## Your task
Output must consist only of the lines of the material below from the one with "Homer Simpson Bedding" through the one with "甚平を着た女の子と男の子 128524113", each reproduced exactly; no pictures belong in it.

** Data for analysis follows **

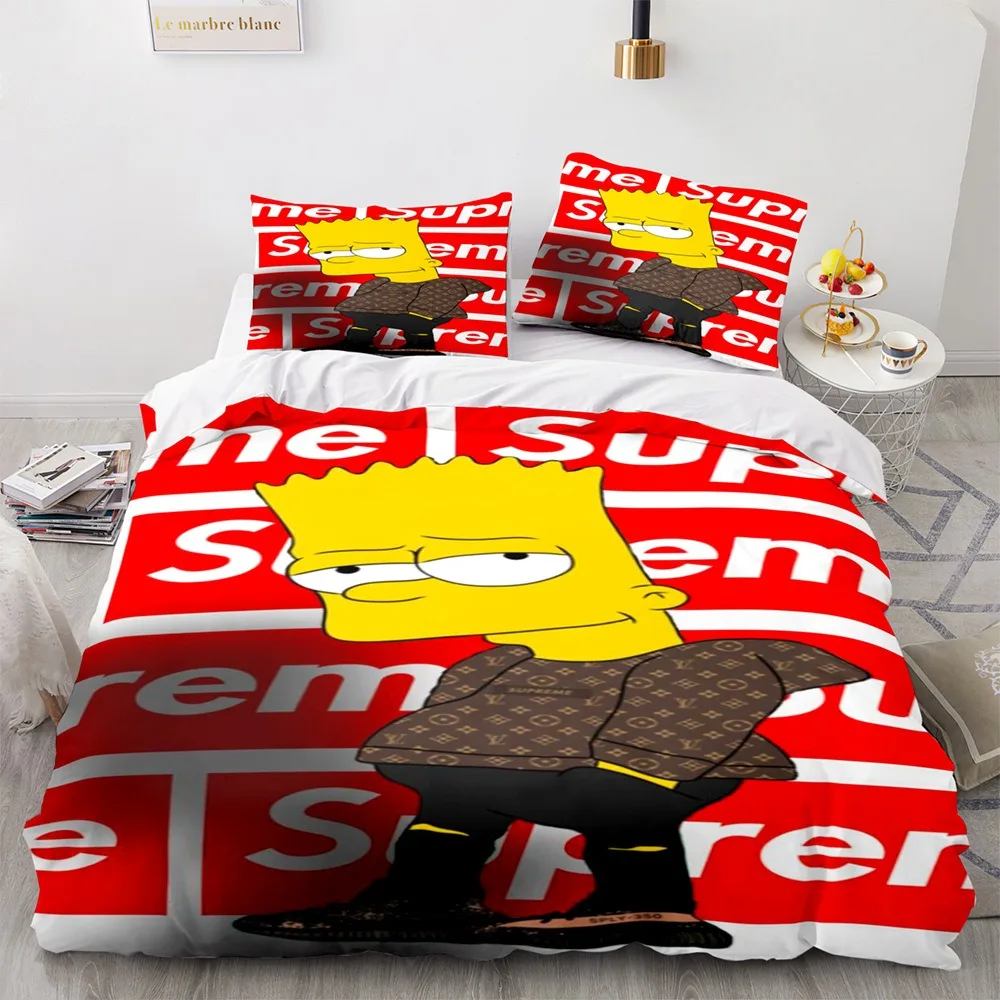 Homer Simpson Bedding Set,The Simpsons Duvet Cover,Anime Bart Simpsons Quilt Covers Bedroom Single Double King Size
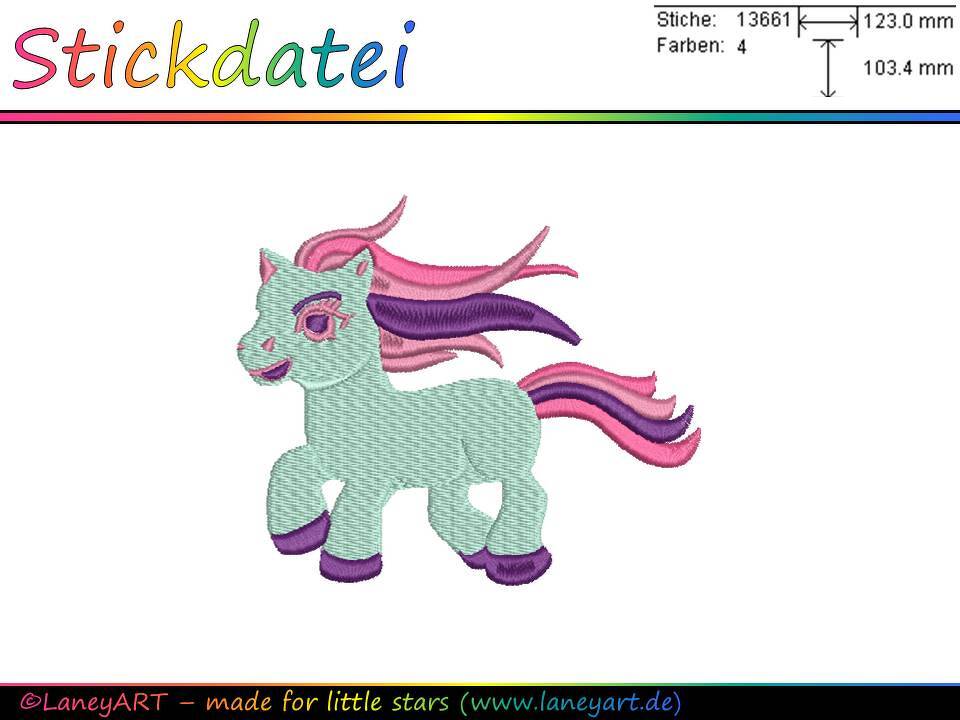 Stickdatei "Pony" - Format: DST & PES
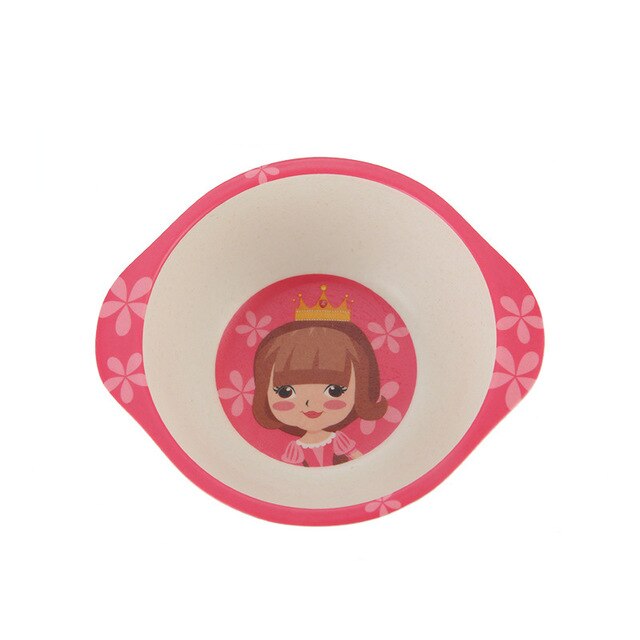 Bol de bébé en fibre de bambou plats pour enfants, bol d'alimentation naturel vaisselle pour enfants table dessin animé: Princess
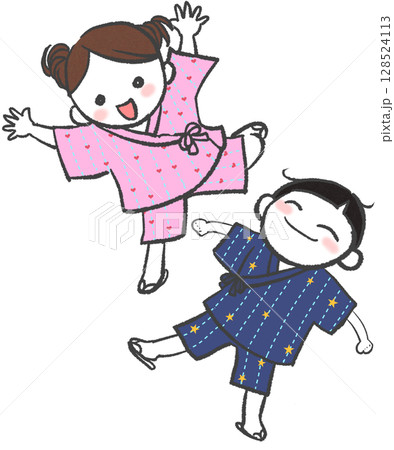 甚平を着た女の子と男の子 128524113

** End of Data for analysis **
** Data for analysis follows **

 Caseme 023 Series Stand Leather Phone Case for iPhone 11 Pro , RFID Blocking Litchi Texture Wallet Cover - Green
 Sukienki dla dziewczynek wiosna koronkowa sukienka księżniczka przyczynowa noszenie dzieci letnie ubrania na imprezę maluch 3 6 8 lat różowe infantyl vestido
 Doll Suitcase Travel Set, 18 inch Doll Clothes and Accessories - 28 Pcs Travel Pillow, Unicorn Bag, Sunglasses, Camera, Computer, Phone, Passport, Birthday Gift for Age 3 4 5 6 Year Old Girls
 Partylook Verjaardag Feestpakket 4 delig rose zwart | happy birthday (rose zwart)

** End of Data for analysis **

## Task result
 Homer Simpson Bedding Set,The Simpsons Duvet Cover,Anime Bart Simpsons Quilt Covers Bedroom Single Double King Size
 Stickdatei "Pony" - Format: DST & PES
 Bol de bébé en fibre de bambou plats pour enfants, bol d'alimentation naturel vaisselle pour enfants table dessin animé: Princess
 甚平を着た女の子と男の子 128524113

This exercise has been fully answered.